Food for thought. My longstanding rule: arguments gain persuasive power through pathos, ethos, logos. Particularly, no authority, expert or presenter is better than his or her facts, logic and assumptions. AKA, figgers don't lie but liars and fools can figger their way into trouble. Caveat emptor. kairosfocus
I read yesterday that as of Sunday night America had tested fewer than 900,000 people. Lord only knows how many real cases there are. Jim Thibodeau
DS, the local events are actually international, given the significance for volcanology and disaster management. And as you know, the associated logic, epistemology, ethics, decision theory and statistics are all general matters. As is the macroeconomics. And yes, when we accept a speed limit with a given degree of risk, we are implicitly pricing a value on lives; through what we tolerate. That extends directly to the regulatory burden on drugs testing in general and in the face of emergency. There is a priceable value for the priorities that did not push testing of HCQ etc post SARS1 (etc). We are now paying the price for those implicit decisions. In that mix, we find ambulance chasing litigation and deep ideological polarisation, agit prop and lawfare cultivated by some as a road to power. KF kairosfocus
PS: Funny thing, UK papers seem the best documentation just now! They allowed me to spot the area and while I was by the Clinic, I realised it had to be higher up the hill. The house is at an angle to the road. The man I recognised drives the green pickup. kairosfocus
F/N: Back home from Doc and Supermarket. Just passed by and wished condolences from the road. The house is on the main road in Sweeneys, in the St Johns area around the corner from Aravin's.The car was in the driveway.

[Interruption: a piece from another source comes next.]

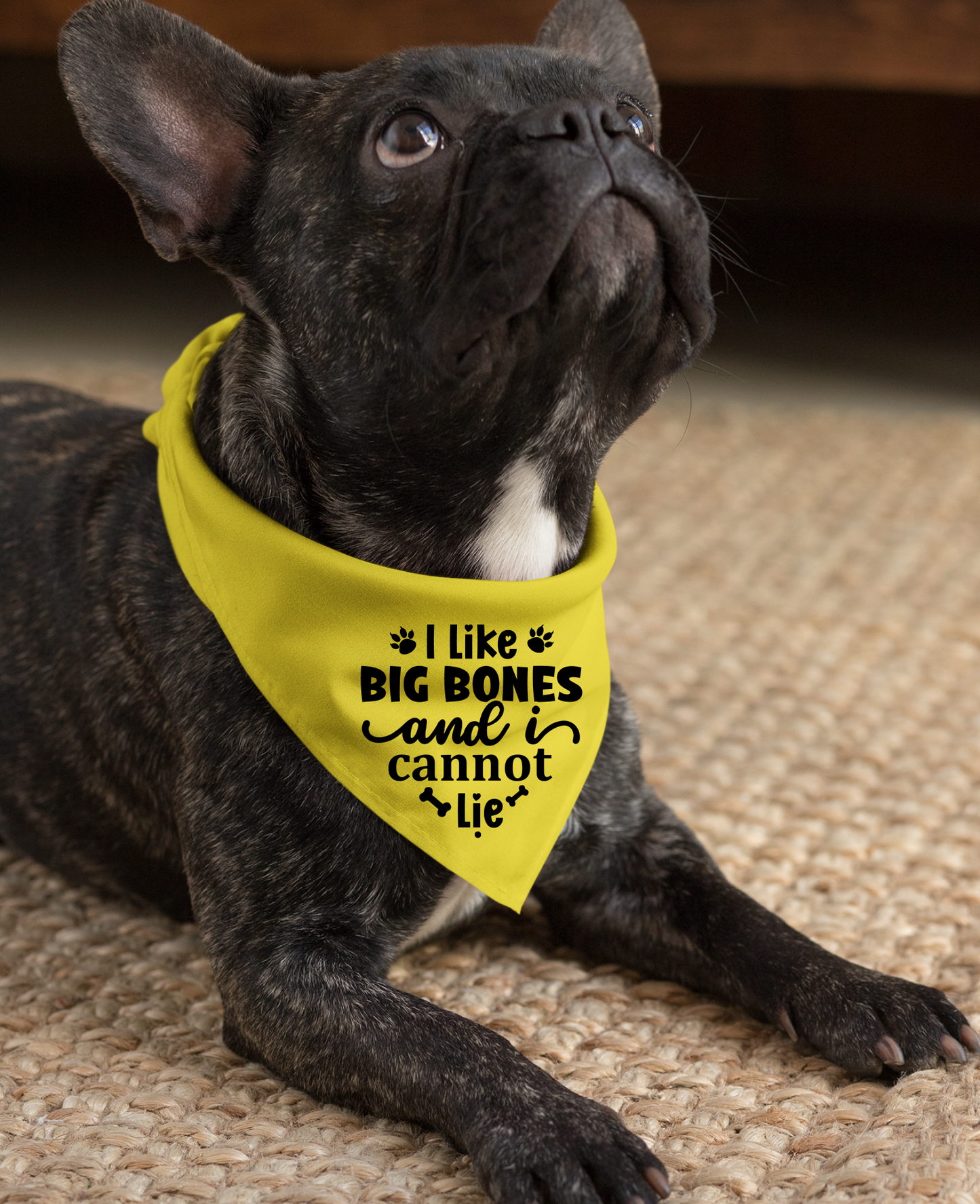 I Like Big Bones and I Cannot Lie: Detachable Collar Dog Bandana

This is a video of the road and the house: https://www.mirror.co.uk/3am/celebrity-news/black-rippers-death-shrouded-mystery-21826146 According to ZJB (as I heard in Aravin's) an autopsy has been called for a sudden death. KF kairosfocus
Neither marijuana nor being an activist is a plausible cause of death. :roll: ET
Kairosfocus: ZJB has confirmed the passing. Cause is not plausibly COVID-19. He was a big marijuana smoker/activist so another cause was going to be more likely anyway. Loved your bit of detective work!! Thanks! JVL
@121 Kairosfocus:
All of that goes back to the point that the day of blind trust in ex cathedra announcement of experts is over. So is the day of pretence of “consensus” of experts [maintained by the no true Sassenach fallacy, doubtless].
True. And the Internet has been playing a key role here. That thing, information , is fascinating, ain't it? :) Truthfreedom
KF,
DS, are you aware that the FDA Fauci works with has given two successive tiers of approvals?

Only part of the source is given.